To make the “genuine” recipe, you would use unpasteurized milk. Variants may call for (unpasteurized) sour cream. More modern recipes call for rennet to make up for modern milk being pasteurized.
To make it, in the morning, you’d take 2 quarts (2 litres) of warmed buttermilk and add to it 1 pint (½ litre) of whole milk, and let it stand all day. In the evening, you’d mix in another 1 pint (½ litre) of whole milk. The coagulated layer that formed on top was called the “hat.”
You’d skim that off, and serve it flavoured with sugar, and powdered nutmeg or cinnamon if available.
History Notes
Earlier versions may have been related to what became known as “syllabub”, with some recipes directing you to get the whole milk straight from the cow to ensure it was warm (in a borrowing from syllabub recipes.) There is also an occasional allusion to wine being added, making it even more syllabub-like.
Literature & Lore
“A remarkable preparation is hatted kit, in Erse, Bain ne ce. Buttermilk is put into a kit with a spiket, and left to stand for twenty-four hours: warm milk is poured on twice a day, for three or four days; the top is then a sort of coagulated cream; the lower part is let to run off. It is now, like Carstophine cream, falling into disuse. It is mentioned in the Gowrie trial two and a half centuries ago. “Ane fyne hattilkit wt sukar comfetis, and wyn.” — PITCAIRN’S Trials, part iv, p 285.” quoted in Urquhart, David. The pillars of Hercules, or, A narrative of travels in Spain and Morocco in 1848. London: Richard Bentley. 1850. Vol II, page 183.

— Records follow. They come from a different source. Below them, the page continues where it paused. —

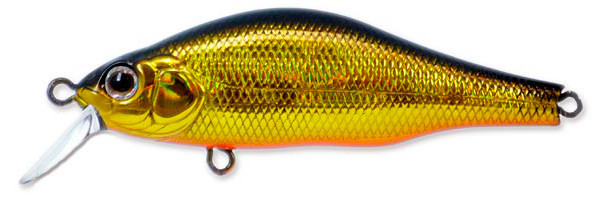 Фотография Воблер Zipbaits Khamsin 105SP SR #050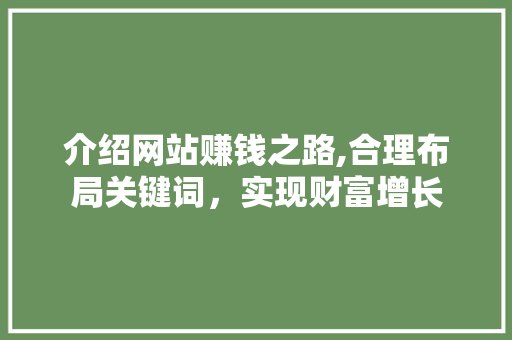 介绍网站赚钱之路,合理布局关键词，实现财富增长 介绍网站赚钱之路,合理布局关键词，实现财富增长 百度SEO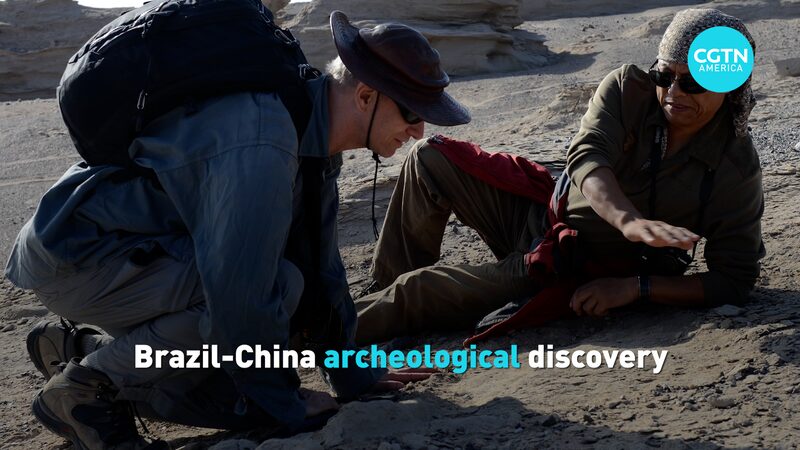 Ancient_Skies_Rewritten__Brazil_China_Team_Unveils_New_Pterosaur_Species__poster - 🌍NewspaperAmigo – Your Global News Buddy 🗞️ ___Ancient_Skies_Rewritten__Brazil_China_Team_Unveils_New_Pterosaur_Species_ video poster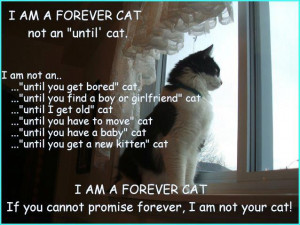 am a forever cat, not an 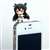 Kantai Collection Earphone Jack Figure Vol.1 5 pieces (Anime Toy) Other picture1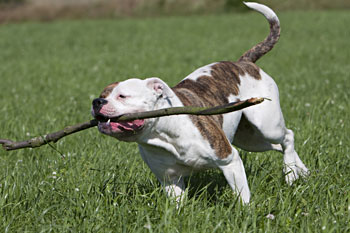 Bild: Kampfhund (c)Fotolia, Bildermehr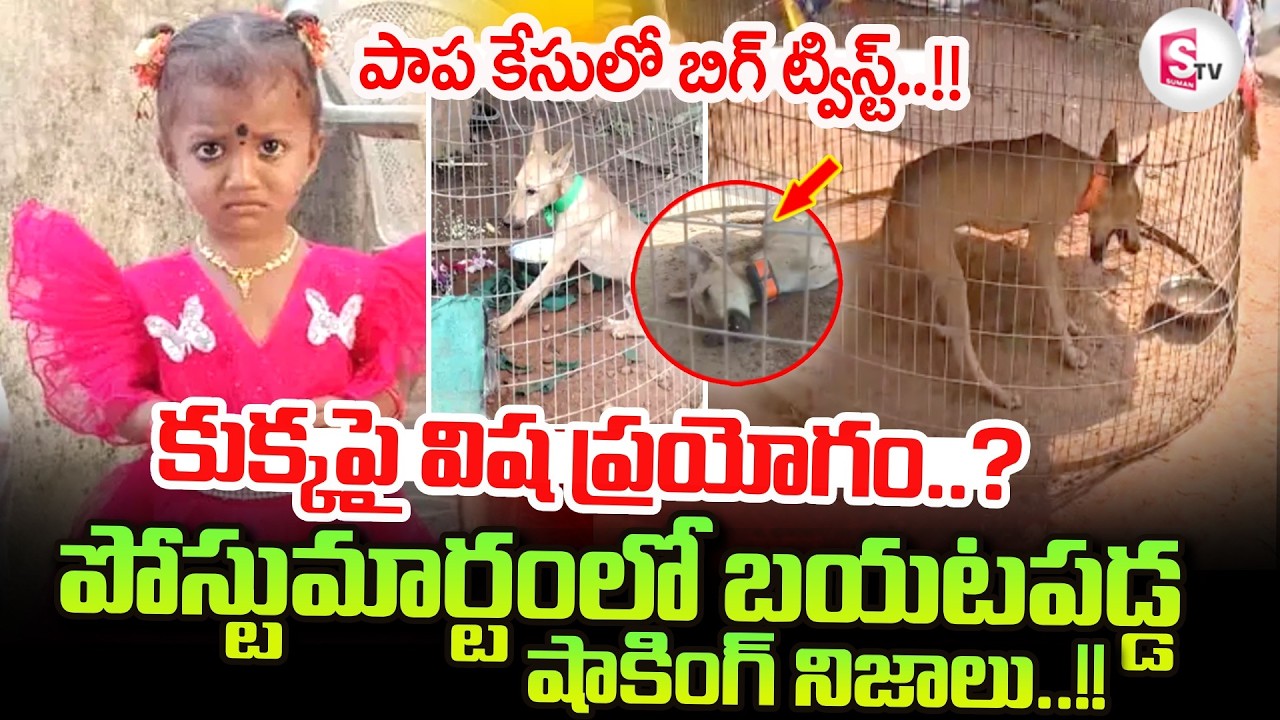 Kakinada Jahnavi Missing Case | కుక్కకు పోస్టుమా_ర్టం పూర్తి..| SumanTV Sai |@sumantvanantapur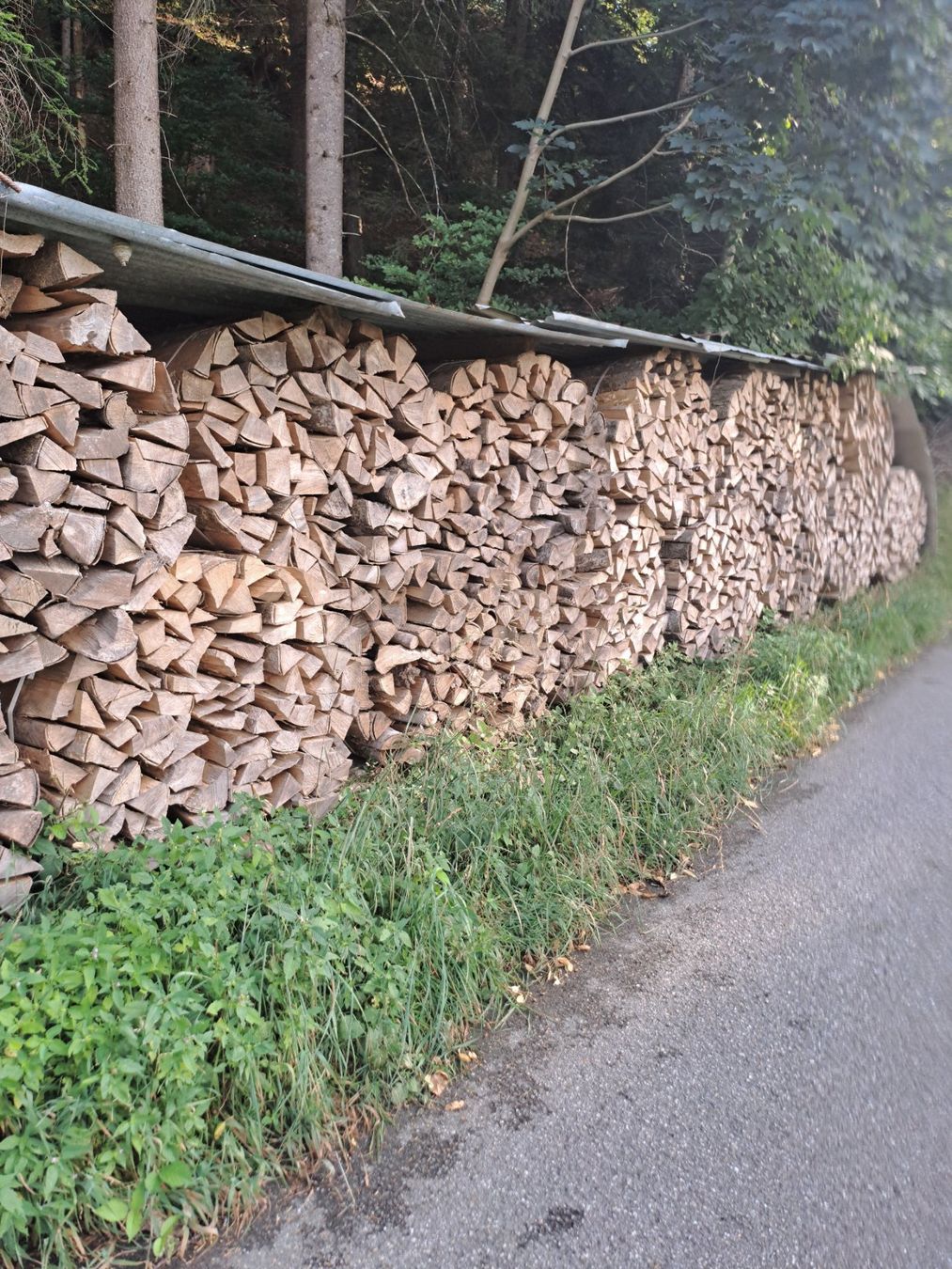 Holzartikel: Brennholz Buche – Gebraucht aus Oberfrittenbach von Muli500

“…and thereafter I would meet your Lordship in Leith, or quietly at Restalrig, where we should have prepared an fine hatted kit, with sugar and comfeits and wine…” — In: Arnot, Hugo. A Collection and Abridgement of Celebrated Criminal Trials in Scotland: From A. D. 1536 to 1784. With Historical and Critical Remarks. Glasgow: A. Napier. 1812. Page 62.
“He exalted his voice amid the clatter, shouting and roaring in a matter which changed Mysie’s hysterical apprehensions of the thunder into fears that her old fellow-servant was gone distracted. “He has dung down a’ the bits o’ pigs too — the only thing we had left to haud a soup milk — and he has spilt the hatted kit that was for the Master’s dinner.” — Caleb in Scott, Walter. The Bride of Lammermoor. Columbia University Press. 1995. Page 95.